The Norman-Irish barons had put in a plea for exemption from the duty of attending the King beyond the realm, and the King had to promise that the present occasion should not be taken as a precedent. But when at last FitzGerald and Felim presented themselves side by side in battle array with a numerous army, Henry thought it prudent to “wink awhile in policie at the tarriance and slow coming of Maurice FitzGerald,” though he manifested his displeasure soon afterward by dismissing him from his post as Lord Justice. The provisions required for this miserable expedition, in which the troops suffered much from inclement weather and lack of food, were largely supplied from Ireland.

For the next twenty years affairs in Connacht went on much in the same manner. The rivals to the throne never relaxed their efforts, nor did de Burgh, whose lands were restored in 1247,[26] cease to push forward on every opportunity. More than once a delusive peace was patched up,[27] and from time to time Felim brought his case directly to the notice of the English King by ambassadors, “always obtaining from him everything he asked.”[28]

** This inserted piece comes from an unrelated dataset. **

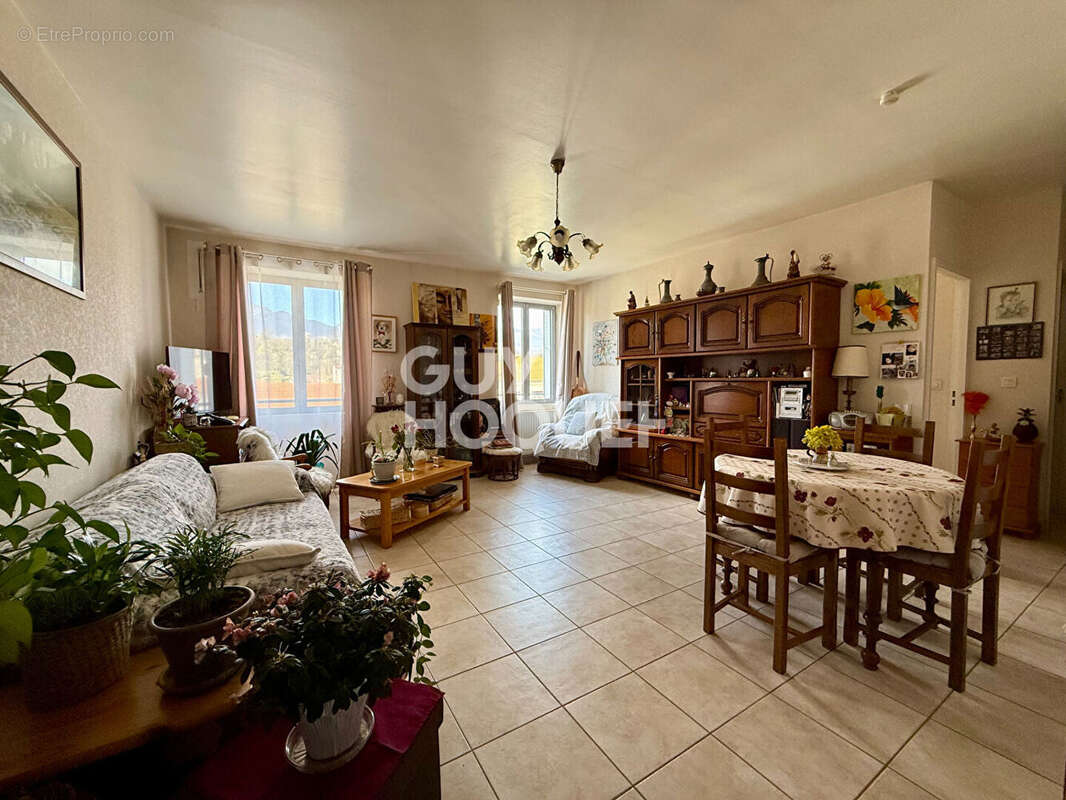 Appartement à AIX-LES-BAINS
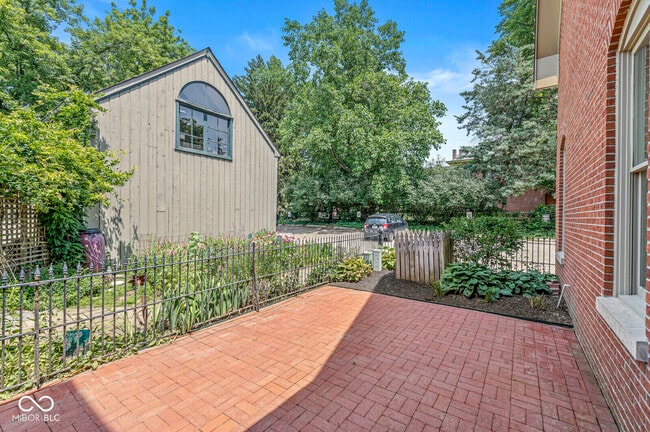 Building Photo - 331 N East St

His son and successor took a prominent part in the wars of the province and kept at bay the rival princes. He seems to have been much with the English troops, for he is always styled Aedh-na-nGall, or “Hugh of the Foreigners,” from his friendly relations with them. But the province was torn with dissensions, and the constant passage of great armies from end to end, preying and burning, brought it into a condition of wretchedness such as it had never experienced before.